At St Bartholomew’s Hospital in London, the restoration of the historic North Wing has created a dedicated wellbeing hub for staff. By separating restorative spaces from clinical environments and reconnecting them with light, art, and heritage, the project acknowledges a simple but vital truth: caring for caregivers is essential.

The goal is not to turn every hospital into a Maggie’s Centre, nor to remove clinical function from healthcare spaces. Rather, it is to design with a broader understanding of health – one that includes physical, mental, and social wellbeing.

What Comes Next?

Future healthcare environments must do more than contain care – they must actively contribute to it.

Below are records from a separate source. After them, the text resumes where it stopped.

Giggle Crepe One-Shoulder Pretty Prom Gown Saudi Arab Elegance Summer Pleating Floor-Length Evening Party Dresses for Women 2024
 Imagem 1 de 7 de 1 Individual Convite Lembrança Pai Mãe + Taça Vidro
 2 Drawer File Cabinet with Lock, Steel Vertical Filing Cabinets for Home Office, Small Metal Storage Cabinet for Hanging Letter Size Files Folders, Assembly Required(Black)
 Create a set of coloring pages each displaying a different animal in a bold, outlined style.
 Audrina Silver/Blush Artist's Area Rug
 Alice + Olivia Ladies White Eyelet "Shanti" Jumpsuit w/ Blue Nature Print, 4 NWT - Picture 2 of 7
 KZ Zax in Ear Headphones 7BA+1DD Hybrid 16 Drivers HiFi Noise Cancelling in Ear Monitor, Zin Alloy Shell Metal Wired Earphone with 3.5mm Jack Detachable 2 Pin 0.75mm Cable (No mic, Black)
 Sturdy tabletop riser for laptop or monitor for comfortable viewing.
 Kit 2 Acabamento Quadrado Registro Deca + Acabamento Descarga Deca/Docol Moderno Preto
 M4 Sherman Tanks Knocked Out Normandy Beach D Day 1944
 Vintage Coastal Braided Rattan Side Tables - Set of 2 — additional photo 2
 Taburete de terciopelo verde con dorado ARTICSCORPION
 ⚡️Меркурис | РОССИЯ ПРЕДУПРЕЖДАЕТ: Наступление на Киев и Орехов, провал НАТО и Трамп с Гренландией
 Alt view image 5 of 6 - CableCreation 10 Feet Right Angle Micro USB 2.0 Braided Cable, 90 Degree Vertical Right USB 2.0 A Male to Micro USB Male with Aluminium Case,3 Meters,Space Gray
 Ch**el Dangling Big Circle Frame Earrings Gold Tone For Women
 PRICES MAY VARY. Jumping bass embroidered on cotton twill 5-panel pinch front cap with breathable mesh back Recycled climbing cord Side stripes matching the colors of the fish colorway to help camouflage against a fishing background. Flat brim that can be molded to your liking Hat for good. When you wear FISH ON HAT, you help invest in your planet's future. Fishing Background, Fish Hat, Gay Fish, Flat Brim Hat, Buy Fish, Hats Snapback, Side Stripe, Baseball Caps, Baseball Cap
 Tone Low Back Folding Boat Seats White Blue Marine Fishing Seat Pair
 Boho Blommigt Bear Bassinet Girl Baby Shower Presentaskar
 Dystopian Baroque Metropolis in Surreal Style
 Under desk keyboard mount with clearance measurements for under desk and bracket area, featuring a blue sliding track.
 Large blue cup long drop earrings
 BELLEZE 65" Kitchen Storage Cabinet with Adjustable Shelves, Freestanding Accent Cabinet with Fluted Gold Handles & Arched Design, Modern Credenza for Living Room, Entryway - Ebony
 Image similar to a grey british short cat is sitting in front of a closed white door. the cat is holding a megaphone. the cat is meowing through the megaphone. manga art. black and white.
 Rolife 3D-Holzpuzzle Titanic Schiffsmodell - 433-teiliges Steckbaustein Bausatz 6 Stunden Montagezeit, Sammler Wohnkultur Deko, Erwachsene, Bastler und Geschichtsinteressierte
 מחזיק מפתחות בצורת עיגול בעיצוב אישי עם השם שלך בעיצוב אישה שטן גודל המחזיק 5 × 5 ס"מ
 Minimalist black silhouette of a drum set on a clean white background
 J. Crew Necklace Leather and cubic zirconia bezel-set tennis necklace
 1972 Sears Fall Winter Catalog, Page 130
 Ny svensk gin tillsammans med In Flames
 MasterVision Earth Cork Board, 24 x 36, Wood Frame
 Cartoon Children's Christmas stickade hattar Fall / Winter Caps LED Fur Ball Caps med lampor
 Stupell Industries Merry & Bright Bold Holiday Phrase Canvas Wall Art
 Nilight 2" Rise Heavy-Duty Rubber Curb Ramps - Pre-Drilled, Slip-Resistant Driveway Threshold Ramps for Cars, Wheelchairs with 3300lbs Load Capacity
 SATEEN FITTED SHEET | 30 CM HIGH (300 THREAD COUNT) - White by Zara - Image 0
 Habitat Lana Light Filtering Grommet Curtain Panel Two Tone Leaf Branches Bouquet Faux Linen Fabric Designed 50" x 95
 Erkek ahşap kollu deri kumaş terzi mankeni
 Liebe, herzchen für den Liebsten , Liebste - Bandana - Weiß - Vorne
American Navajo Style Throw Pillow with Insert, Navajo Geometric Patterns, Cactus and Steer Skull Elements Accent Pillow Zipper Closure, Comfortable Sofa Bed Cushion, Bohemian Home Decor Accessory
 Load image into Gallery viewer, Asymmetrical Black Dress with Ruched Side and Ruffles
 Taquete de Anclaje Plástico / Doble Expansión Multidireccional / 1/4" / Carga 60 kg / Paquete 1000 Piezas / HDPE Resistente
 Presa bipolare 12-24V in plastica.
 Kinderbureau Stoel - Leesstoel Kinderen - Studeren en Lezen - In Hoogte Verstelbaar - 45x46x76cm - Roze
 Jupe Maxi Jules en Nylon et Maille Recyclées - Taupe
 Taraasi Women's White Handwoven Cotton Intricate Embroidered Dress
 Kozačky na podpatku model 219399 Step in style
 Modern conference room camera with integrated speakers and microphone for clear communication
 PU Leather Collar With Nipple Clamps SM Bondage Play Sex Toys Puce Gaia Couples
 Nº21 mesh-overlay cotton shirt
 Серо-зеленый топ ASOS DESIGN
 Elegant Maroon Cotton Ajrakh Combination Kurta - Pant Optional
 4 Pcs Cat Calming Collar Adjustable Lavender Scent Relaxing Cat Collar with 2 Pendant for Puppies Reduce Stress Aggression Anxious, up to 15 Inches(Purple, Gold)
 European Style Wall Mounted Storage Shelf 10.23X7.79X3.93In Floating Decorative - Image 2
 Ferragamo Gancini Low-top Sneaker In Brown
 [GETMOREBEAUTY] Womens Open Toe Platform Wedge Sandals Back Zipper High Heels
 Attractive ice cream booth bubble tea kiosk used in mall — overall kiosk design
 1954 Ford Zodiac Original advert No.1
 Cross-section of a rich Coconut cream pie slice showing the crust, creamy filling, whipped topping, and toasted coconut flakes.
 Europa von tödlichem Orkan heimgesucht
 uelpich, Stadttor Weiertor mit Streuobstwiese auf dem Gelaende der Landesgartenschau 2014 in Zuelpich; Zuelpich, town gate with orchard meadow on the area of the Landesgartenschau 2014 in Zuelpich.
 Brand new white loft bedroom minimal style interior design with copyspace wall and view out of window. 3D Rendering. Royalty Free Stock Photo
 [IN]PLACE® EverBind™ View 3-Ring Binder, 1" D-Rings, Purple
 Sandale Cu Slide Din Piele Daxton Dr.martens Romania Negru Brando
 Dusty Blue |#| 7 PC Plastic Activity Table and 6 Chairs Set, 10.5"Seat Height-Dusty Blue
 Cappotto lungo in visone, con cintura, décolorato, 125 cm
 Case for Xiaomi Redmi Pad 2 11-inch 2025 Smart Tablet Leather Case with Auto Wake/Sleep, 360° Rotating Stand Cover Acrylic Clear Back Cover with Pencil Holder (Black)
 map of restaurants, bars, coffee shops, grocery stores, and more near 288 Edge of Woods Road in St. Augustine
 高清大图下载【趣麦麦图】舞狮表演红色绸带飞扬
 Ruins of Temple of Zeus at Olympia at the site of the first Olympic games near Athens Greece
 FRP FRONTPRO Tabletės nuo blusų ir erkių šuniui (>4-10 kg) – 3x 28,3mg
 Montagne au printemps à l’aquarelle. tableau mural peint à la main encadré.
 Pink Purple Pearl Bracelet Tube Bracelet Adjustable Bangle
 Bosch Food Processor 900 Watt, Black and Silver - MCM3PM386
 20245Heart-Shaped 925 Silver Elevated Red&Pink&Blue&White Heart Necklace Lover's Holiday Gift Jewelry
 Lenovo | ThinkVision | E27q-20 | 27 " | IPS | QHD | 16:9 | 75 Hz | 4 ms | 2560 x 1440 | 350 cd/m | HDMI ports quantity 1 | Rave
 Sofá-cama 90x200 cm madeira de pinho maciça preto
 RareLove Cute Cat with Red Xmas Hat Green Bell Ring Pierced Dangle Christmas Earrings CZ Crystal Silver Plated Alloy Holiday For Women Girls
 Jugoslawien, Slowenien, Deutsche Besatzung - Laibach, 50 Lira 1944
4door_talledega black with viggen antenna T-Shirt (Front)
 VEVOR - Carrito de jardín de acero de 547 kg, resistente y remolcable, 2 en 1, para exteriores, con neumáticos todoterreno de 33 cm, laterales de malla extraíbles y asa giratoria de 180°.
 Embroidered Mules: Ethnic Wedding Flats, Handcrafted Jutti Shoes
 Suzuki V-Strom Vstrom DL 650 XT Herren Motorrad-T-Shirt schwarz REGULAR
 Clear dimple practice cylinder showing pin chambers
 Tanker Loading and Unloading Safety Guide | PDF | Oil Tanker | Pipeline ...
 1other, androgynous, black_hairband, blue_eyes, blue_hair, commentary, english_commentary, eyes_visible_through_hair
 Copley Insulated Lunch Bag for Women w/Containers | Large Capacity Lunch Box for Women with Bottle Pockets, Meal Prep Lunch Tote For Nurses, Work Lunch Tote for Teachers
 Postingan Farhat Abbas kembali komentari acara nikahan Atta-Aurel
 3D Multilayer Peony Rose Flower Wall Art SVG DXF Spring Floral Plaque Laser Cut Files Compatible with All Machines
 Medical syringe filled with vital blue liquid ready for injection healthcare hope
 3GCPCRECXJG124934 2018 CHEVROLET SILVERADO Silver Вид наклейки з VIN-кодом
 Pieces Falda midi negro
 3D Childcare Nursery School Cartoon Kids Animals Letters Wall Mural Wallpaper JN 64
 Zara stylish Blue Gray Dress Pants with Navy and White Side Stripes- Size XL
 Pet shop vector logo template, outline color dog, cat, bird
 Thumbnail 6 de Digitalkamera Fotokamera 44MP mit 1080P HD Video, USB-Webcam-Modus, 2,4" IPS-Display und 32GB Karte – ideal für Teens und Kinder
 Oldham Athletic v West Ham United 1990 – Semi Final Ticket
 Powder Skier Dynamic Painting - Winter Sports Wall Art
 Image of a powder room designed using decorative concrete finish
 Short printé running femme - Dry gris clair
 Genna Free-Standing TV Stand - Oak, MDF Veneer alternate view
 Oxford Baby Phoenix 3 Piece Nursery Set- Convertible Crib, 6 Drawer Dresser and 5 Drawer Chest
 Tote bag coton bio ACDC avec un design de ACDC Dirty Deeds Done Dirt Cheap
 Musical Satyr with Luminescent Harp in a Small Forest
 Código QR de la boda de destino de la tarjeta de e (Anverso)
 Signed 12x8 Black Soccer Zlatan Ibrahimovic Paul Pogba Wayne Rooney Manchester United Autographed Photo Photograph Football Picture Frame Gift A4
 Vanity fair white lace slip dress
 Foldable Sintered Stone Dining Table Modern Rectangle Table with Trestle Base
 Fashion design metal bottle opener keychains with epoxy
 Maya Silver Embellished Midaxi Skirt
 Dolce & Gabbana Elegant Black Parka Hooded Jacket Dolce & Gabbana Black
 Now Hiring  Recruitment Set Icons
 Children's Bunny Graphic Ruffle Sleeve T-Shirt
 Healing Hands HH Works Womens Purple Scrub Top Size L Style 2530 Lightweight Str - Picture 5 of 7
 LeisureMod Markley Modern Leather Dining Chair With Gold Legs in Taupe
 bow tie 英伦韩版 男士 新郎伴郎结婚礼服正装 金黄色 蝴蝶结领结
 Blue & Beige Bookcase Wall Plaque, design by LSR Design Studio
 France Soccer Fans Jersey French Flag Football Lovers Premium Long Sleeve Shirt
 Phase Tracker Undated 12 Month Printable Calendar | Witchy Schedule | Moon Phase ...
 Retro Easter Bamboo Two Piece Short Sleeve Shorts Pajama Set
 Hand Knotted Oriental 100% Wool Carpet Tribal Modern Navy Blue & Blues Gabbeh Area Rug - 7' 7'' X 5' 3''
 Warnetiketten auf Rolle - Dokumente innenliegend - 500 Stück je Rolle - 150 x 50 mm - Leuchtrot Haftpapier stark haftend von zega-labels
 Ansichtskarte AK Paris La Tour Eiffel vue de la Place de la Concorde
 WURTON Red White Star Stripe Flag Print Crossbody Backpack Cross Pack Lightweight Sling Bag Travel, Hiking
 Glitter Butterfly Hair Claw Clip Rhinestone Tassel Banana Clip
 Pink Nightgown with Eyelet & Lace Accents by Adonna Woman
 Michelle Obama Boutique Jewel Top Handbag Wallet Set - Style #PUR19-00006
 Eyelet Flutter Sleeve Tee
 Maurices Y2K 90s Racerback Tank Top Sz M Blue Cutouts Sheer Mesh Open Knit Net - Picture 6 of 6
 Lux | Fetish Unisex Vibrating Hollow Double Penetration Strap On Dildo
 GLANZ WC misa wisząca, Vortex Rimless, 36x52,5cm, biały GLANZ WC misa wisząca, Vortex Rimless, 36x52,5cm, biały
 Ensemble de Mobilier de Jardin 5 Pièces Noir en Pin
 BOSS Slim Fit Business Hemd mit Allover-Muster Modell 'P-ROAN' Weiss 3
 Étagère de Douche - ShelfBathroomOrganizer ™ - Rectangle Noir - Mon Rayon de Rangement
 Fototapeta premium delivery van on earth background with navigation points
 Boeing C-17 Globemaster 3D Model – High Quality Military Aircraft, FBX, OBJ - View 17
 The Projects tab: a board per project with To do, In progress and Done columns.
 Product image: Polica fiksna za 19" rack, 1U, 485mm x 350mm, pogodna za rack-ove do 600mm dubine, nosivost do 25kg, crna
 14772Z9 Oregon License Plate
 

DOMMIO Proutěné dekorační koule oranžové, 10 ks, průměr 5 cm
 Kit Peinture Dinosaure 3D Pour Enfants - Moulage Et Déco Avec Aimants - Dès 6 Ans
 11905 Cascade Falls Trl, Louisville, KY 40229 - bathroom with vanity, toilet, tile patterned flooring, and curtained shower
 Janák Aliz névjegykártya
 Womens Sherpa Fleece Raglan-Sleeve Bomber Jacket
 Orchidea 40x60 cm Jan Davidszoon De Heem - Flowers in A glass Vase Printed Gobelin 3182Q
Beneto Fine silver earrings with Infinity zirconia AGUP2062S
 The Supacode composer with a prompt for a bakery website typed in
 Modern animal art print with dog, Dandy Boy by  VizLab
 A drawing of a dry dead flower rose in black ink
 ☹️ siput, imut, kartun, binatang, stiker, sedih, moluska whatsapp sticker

This begins with legibility: spaces that are intuitive and reduce anxiety from the moment someone enters.

It requires a commitment to biophilic design: integrating natural light and meaningful connections to nature to support both physiological and psychological health.

And it demands a focus on social connection: creating shared, human-scale spaces that make seeking help feel less clinical and more accessible.

If the future of healthcare is moving from institution to individual, then architecture has a critical role to play.

The spaces we design influence how safe people feel asking for help, how confident they are in managing their wellbeing, and how connected they feel to their communities.

Designing the Third Caregiver

When we create spaces that respect dignity, encourage agency, and foster connection, we are not simply improving aesthetics-we are strengthening the foundations of public health.

The challenge ahead is not only financial or technological. It is cultural and spatial.

We must ask: what kinds of environments make people feel capable, supported, and hopeful?

And how can we embed those qualities into the everyday spaces of our cities?

The built environment is already present in every healthcare interaction – the question is whether we choose to design it consciously.